So, I think in the next year or two you’re going to see 700 to 750 minimum. I think gold is probably going to bounce a bit more first. It’s really been kind of over sold here and I think down the road we see as the book’s subtitle says 2014-2019 is kind of a difficult period where our commodity cycles are down, our geo-political cycles, and our demographic cycles are all down at the same time. That is the danger period for the economy ahead.

So, we get out six-seven years now from now, I think gold could be back at 250, it could be that low. I think oil could go back to 10-20. None of these are going to stay there, that’s just the bottom and I think, you know, this bubble real estate could go down again. I’m still renting in Tampa, Florida.
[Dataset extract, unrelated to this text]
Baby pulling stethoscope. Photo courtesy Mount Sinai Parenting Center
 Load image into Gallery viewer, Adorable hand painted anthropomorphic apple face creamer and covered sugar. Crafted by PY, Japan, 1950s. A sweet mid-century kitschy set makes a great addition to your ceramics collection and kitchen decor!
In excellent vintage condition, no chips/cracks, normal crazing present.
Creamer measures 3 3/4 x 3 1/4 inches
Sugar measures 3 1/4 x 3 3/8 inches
Tell my wife I’m not even going to think about buying until we see another down turn and at least until sometime in 2015 and then we could see the bargains of a lot and counting.

Jason:
yeah, well, I’ve always thought that renting a high-end home and owning a lot of little cheap houses to rent to other people was the best.

Harry:
Exactly.

Jason:
The best equation ever. The best arbitrage.

Harry:
Real quick Jason, I mean, real estate also is it’s not one industry. Every sector has a different age group and right now apartments, basically buying affordable small homes and renting them out is the sweet spot. The echo boom is in a positive rental cycle in 2017 or 2018. More and more people can’t afford homes or get bank loans, so that’s the best place, but a few years from now, when we see this next real estate down turn, buying affordable starter homes is going to be the sweet spot going up for many years with this generation. So, it goes from apartments that peak in like 26-27, starter homes 31-32, trade up homes 41-42 by age, you know, there’s a first vacation surge in the late 40s and there’s a second one in the late 50s to early to mid 60s, so vacation homes had crashed.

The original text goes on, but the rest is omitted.